Wednesday, 24th April 2024
To guardian.ng
Search

On ASUU, strike debacle and future of higher education

By Seun Awogbenle
23 March 2022   |   3:40 am
Nigeria is a country of many contradictions. Almost everywhere you turn, there is something that just does not add up. For a long time, it is this illogicality that has underpinned our policies and national life.

(Photo by PIUS UTOMI EKPEI / AFP)

Nigeria is a country of many contradictions. Almost everywhere you turn, there is something that just does not add up. For a long time, it is this illogicality that has underpinned our policies and national life. What is however confounding is that, even when there is a consensus on what is expectedly the way forward, there is either a lack of political will, courage, or the outright complicity of the political class.

Take the petrol subsidy for example, which is expected to take about N2.55 trillion this year alone, that is about half of Nigeria’s total revenue in 2021, by the time you consider the N3.8 trillion that is also expected to be expended on debt servicing, it is easy to conclude that Nigeria is spending almost all its revenue on petrol subsidy and debt servicing.

This is even at a time when we all agree that the petrol subsidy is no longer sustainable, but the government has continued to dither and can hardly muster the courage that is required at a time like this.

In addition to the petrol subsidy, the government is also currently subsidising either in part or fully, agriculture, health and education. I have written extensively on education in the past. This is because I have a conscious awareness of what we can achieve as a nation if we can get both basic and higher education right. It is the most sustainable way to reduce poverty and create shared prosperity. But events like the ongoing ASUU strike, which is the 17th time since 1999, continue to cast a dark cloud on the suitability and sustainability of our higher education.

At the centre of the strike debacle is the funding of higher education and the role of government. The primary reason for this contradiction is that Nigeria currently spends more than four times on higher education than it spends on basic education.

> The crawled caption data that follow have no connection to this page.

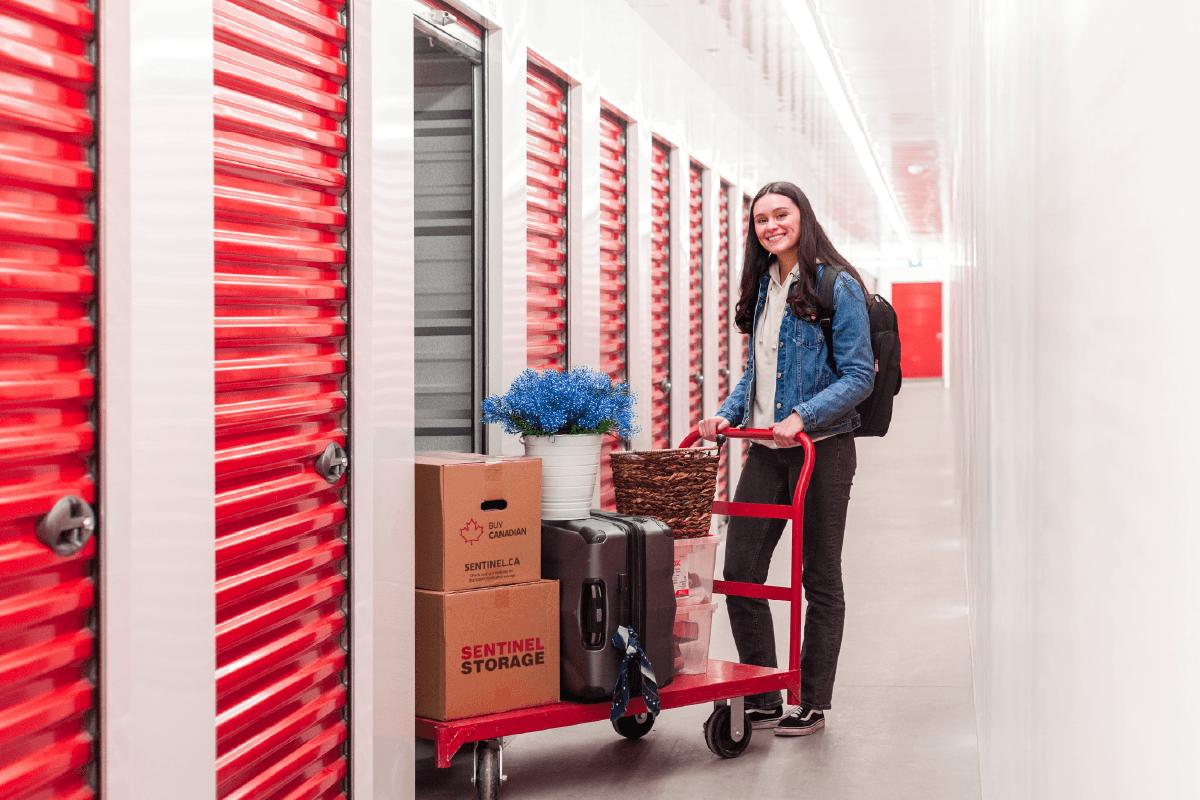 Student moving belongings into a storage unit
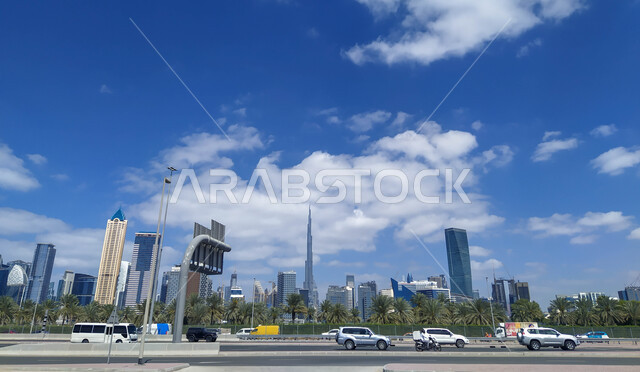 وسائل النقل والمواصلات, التقدم والنمو العمراني المتطور, الحركة المرورية للسيارات في الطرق والشوارع المعبدة في الامارات العربيه المتحدة في وقت النهار, الفن الهندسي المعماري للأبراج وناطحات السحاب في مدينة دبي, خلفية السماء الزرقاء مع الغيوم البيضاء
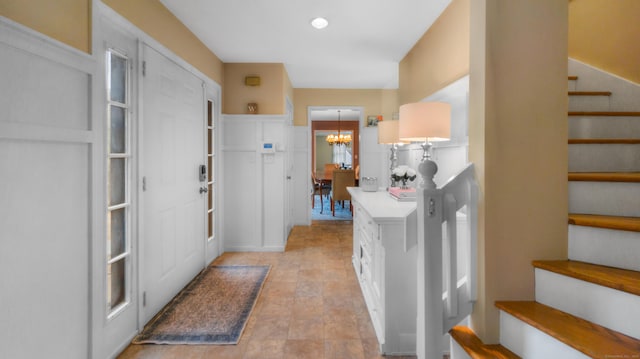 1557 Georges Hill Rd, Southbury, CT 06488 - laundry room featuring a chandelier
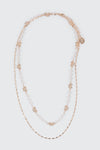 Collier à deux rang perles et boucles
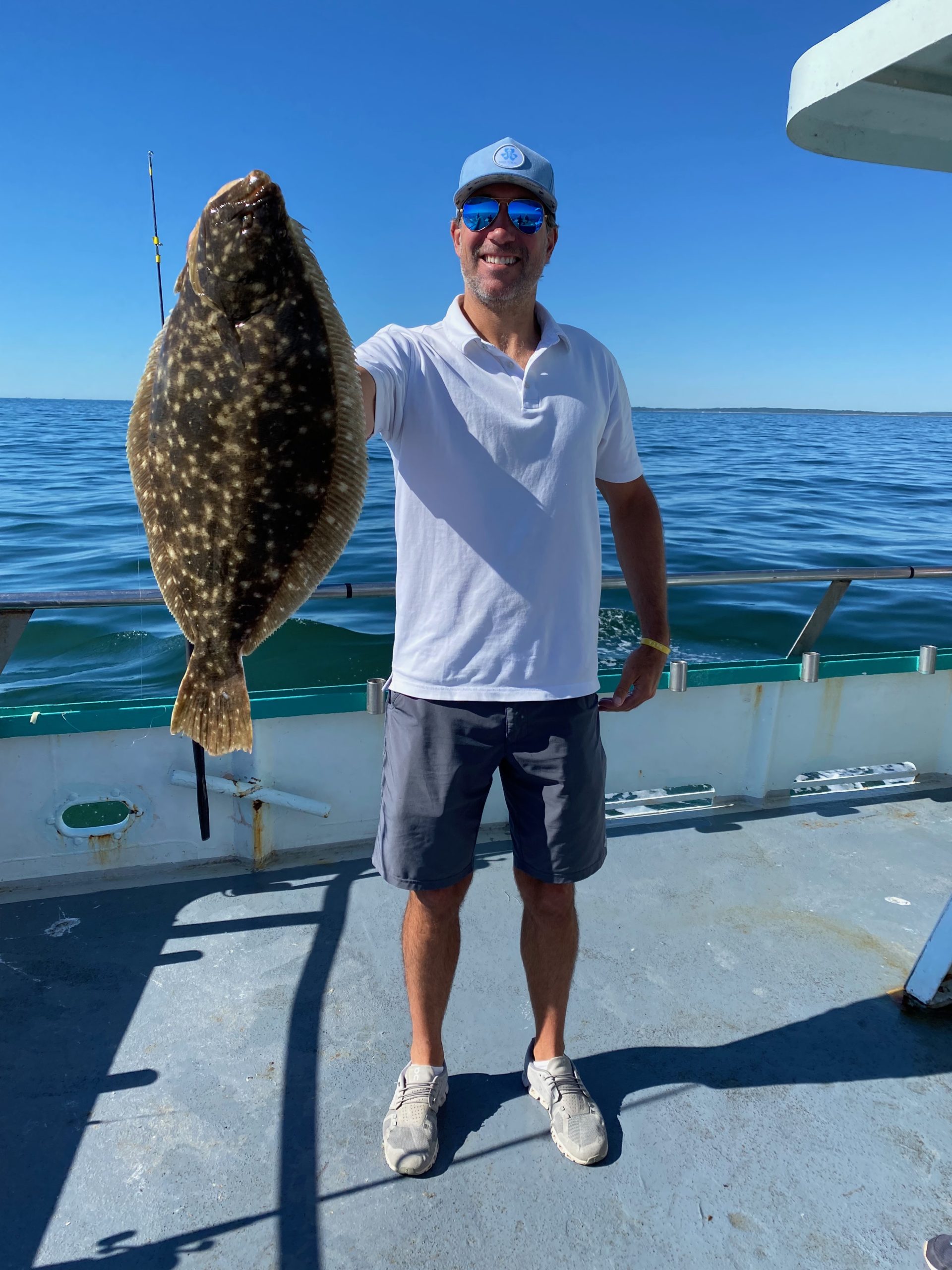 a man holding a fish in the water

But despite this funding, it has remained insufficient and ineffective, so much that between 90-95 per cent of budget allocation to tertiary institutions are spent on personnel costs. There is, therefore, hardly anything left for research and innovation, which should be the raison d’etre of tertiary education.

Nigeria is perhaps the only country where it is more expensive to access basic education than it is to get a higher education, whereas in other parts of the world, the emphasis is on free and compulsory basic education, because it is this level of education that provide students with, literacy, numeracy, and critical thinking skills, which are the core objective of learning.  Higher education is not a right and should presumably not be tuition free. The challenge, however, is that the government over the years has decided to subsidise higher education as an attempt to cover up the failure of our basic, post basic and senior secondary education to meet its objectives.

When you look at our higher education model, nobody appears to be benefitting. Neither the government, parents nor students are benefitting from the present arrangement, because what is the essence of an education that is free, but lacks the quality that should prepare graduates for the future of jobs?

To situate the current challenge within the right context, there are at least three existential issues: the first is the feeding bottle financing arrangement for public higher institutions, which has made higher institutions heavily dependent on government. The other one is our flawed model, which places funding priority on higher education than basic education, and ultimately the political courage that is required to implement the necessary reforms that are critical to reimagine higher education funding in Nigeria.

Prof. Tunde Rahmon-Bello, the former Vice Chancellor of the University of Lagos, has been widely referenced, for his categorisation of funding sources for universities. According to Bello, the five key funding sources for a university include proprietor’s fund, endowments, research, and innovation grants, and investments and businesses. However, Nigerian public universities draw their funding majorly from the proprietor’s fund, in this instance the government. This has created what I earlier described as a feeding bottle financing arrangement, overreliance, and overdependence on the government, when the other funding sources have been left untapped.

A simple fact that we can all agree on is that the funding of public universities by the government is no longer sustainable and does not conform with global practice on higher education financing. This is the simple truth and bitter reality, no matter how uncomfortable it may sound. Our public universities must be allowed some level of autonomy to be self-governing.

The question then would be how we can reimagine higher education funding in Nigeria to the point that it can be sustainable and deliver the expected outcome? Fundamentally, the solution is not entirely a standalone or isolated from the broader challenge. My point is that we must start by bringing our post basic and senior secondary education to the point where the products can become valuable. This would mean that we must reform our education to the point where, every young school leaver does not necessarily need a university education as a minimum requirement to access opportunities. This would have addressed the pressure on both the students, parents and even the universities. I also think this would create a greater sense of purpose for anyone who is willing to attend a university.

The universities on full autonomy must be compelled to explore funding options such as endowments, research, innovation grants, investments, and businesses. I am convinced that if the universities can be self-governing, they can be considerably self-sustaining. However, the government can repurpose part of the funding directly to students, through merit-based scholarship and state backed loan.

Going forward, one thing we all must acknowledge is that, if we must end the strike debacle and reimagine our higher education for the future of jobs, the present funding model for higher education in Nigeria must change.